To explore this, Tumlinson, working at the Center for Medical, Agricultural and Veterinary Entomology, Agricultural Research Service, U.S. Department of Agriculture, Gainesville, Fl., looked at how GLV influenced undamaged plants in the area by studying corn seedlings and beet army worm, a caterpillar that eats corn leaves as well as cotton, tobacco and other plants. The researchers exposed seedlings to GLV for an hour or overnight. They then tested the undamaged plants by either mechanically damaging them or mechanically damaging them and applying beet armyworm spit to the wounds.

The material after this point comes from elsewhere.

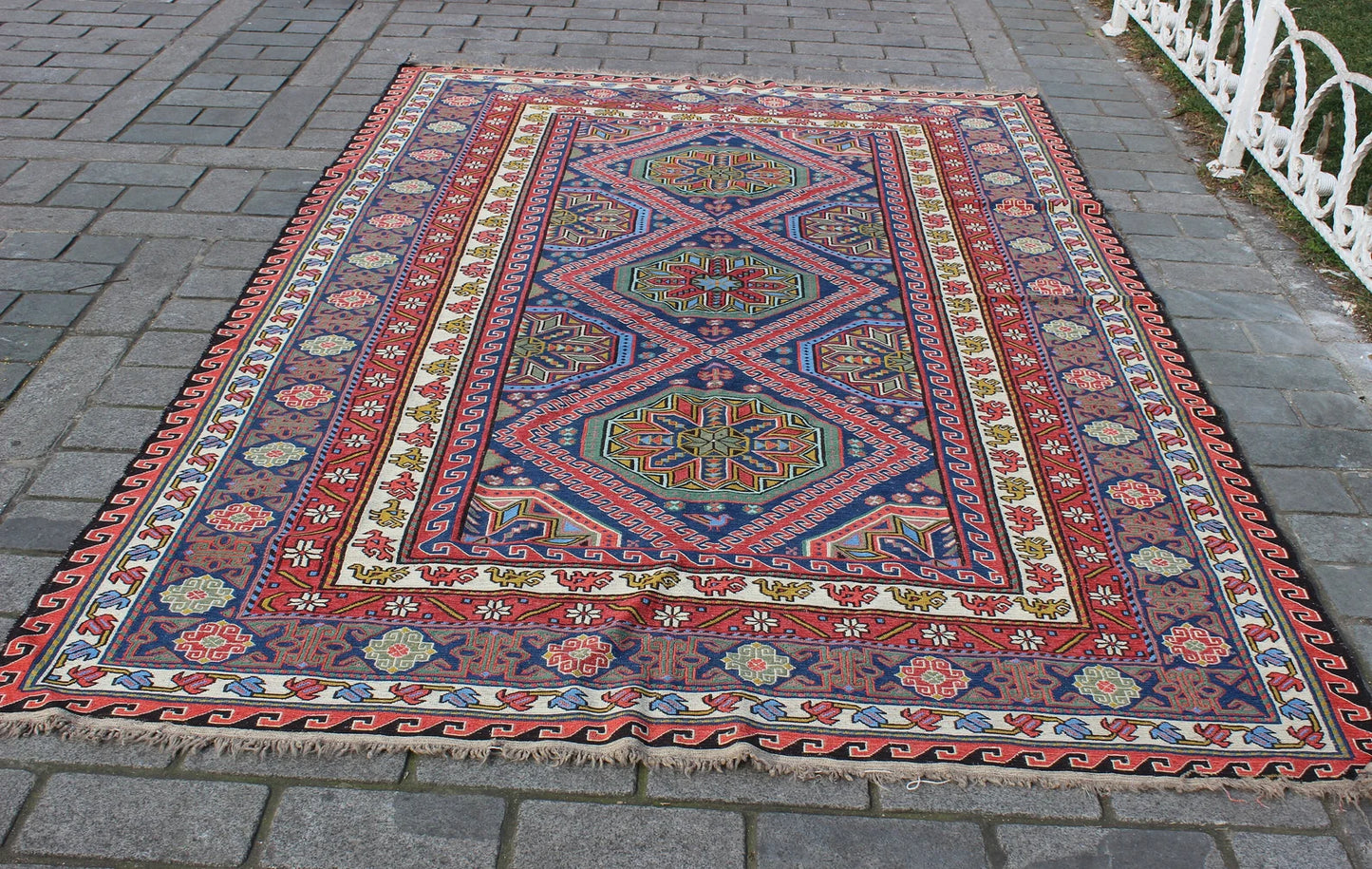 XL Vintage Soumak Accent Area Rug 6.7 x 10.1 ft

"We discovered that . . . exposure to GLV primed corn plant defenses to respond more strongly against subsequent attack by herbivorous insects by increasing jasmonic acid biosynthesis and volatile organic compounds (VOC)," the researchers report in the current issue of the Proceedings of the National Academy of Science.

Jasmonic acid is a plant hormone that turns on plant defenses, including VOCs, which are the chemicals that attract the caterpillar’s parasites and predators. They usually do not appear until hours after the initial attack on the plant.

"The GLVs appear to be like a vaccine, turning on the defensive mechanism, but not pushing it to full strength," says Tumlinson. "If the plant is not attacked, then it does not waste energy producing defenses. However, if it is attacked, the response is more rapid and stronger."

The researchers found that the primed plants produced chemical signals that attract the natural parasites and predators in almost twice the amounts that unprimed plants do. Plants damaged only mechanically did not show this response. Those mechanically damaged and then treated with caterpillar spit to simulate caterpillar feeding showed the enhanced response.

"If you mechanically wound a plant, it is not the same as a caterpillar feeding on it," says Tumlinson. "Caterpillars elicit much greater response than just mechanical damage alone."

Researchers tested the GLV-exposed plants the day after exposure, but have not yet tested the plants after the first day. They therefore do not know if the priming response lasts longer than a day. If the response is long lived, then perhaps exposure to GLVs could protect fields in danger of becoming infested with beet armyworm or other leaf eating caterpillars. This natural chemical might someday reduce the use of pesticides and improve crop quality.

Tumlinson chose the corn and beet armyworm system because the Florida facility has raised beet armyworms for a long time, and corn seedlings can be ready for experimentation in a week or two, while other plants take up to a month to be suitable for use.

"We do not know for sure if the same mechanism will work on other crops like cotton and tobacco," he adds. "It might not have exactly the same effect."

Experiments have not been done on cotton, tobacco or other crops, so it is unclear if this vaccination would work on those or all crops, but the potential for a natural preventive method of pest control exists.

The researchers included Tumlinson; Juergen Engelberth, postdoctoral fellow at Penn State; and Eric A. Schmelz, research scientist; and Hans T. Alborn, postdoctoral fellow at the Center for Medical, Agricultural and Veterinary Entomology.